[net.unix-wizards] Shared system routines

stephen@alberta (07/23/83)

.nh
.ad l
    It has bothered me for a while that every time I compile a C
program, of the routines which I use are physically added to the
object file.  When you consider that many of the routines are
included in almost every object file, perhaps it would be better
to share one copy of the more common routines between all tasks.

    The most obvious advantage of this approach would be the
savings in disk space. As an example: On our system, with about
1200 object files, the savings from sharing the startup routines
and PRINTF (apx 7k per file) would come to about 9meg.  Sharing
routines would also result in decreased memory usage and possibly
faster loading times (since only the user routines would have to
be loaded).

    Those subroutines used by the kernel would have to be
designated as shared non-paged, and others could be simply
shared.

The big question is how easy would it be to make the change?
Memory management would have to be modified, the loader, and
possibly things like 'adb' as well. And where would the
routines be placed? If they are put at the bottom of memory,
would this cause problems with routines that didn't expect them
there? And if they are placed at the top of memory, would that
cause problems with ADB and CDB or get in the way of the stack? I
don't yet know enough about UN*X to really answer those questions
well.

    Does it sound like a feasible Idea or am I out in left field?

		Stephen Samuel 
		(ubc-visi!alberta!stephen)

msc@qubix.UUCP (07/24/83)

There was a discussion about shared libraries less than 2 months
ago.  The conclusion was to leave things the way they are.
-- 
	Mark
	...{decvax,ucbvax,ihnp4}!decwrl!
		      ...{ittvax,amd70}!qubix!msc
	decwrl!qubix!msc@Berkeley.ARPA

guy@rlgvax.UUCP (Guy Harris) (07/24/83)

There was some discussion of shared libraries in UNIX a while ago.  Many
other operating systems do support them, and they probably do cut down on
the physical memory requirements of the programs that use them.

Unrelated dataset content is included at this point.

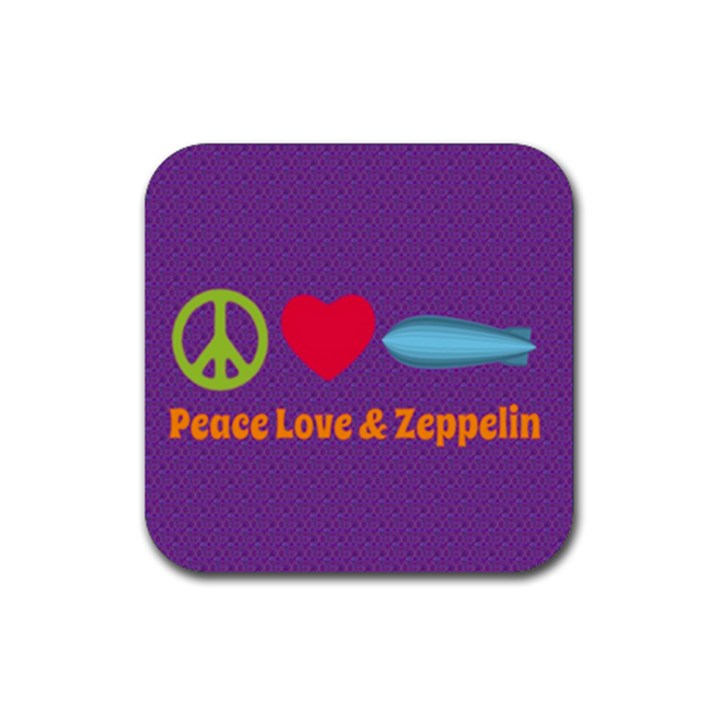 Peace Love & Zeppelin Drink Coaster (Square)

The main tricky part is that they cannot call routines outside the shared
library except through an indirect pointer of some sort.  If they called them
using the standard subroutine call instruction provided on most machines,
the address of the routine would be hardcoded into the code of the routine
itself.  However, this address may be different in different programs which
include this routine.  Furthermore, if they reference any globals they would
also have to reference them through such a pointer.  Some current routines
might have to be modified.  Another alternative is to have two data segments;
one for globals referenced by the library, and one for others.  The globals
referenced by the library must be DEFINED (not just referenced) by the library
routine; the size must be assigned at the time the library is built, not the
time the program using the library is built.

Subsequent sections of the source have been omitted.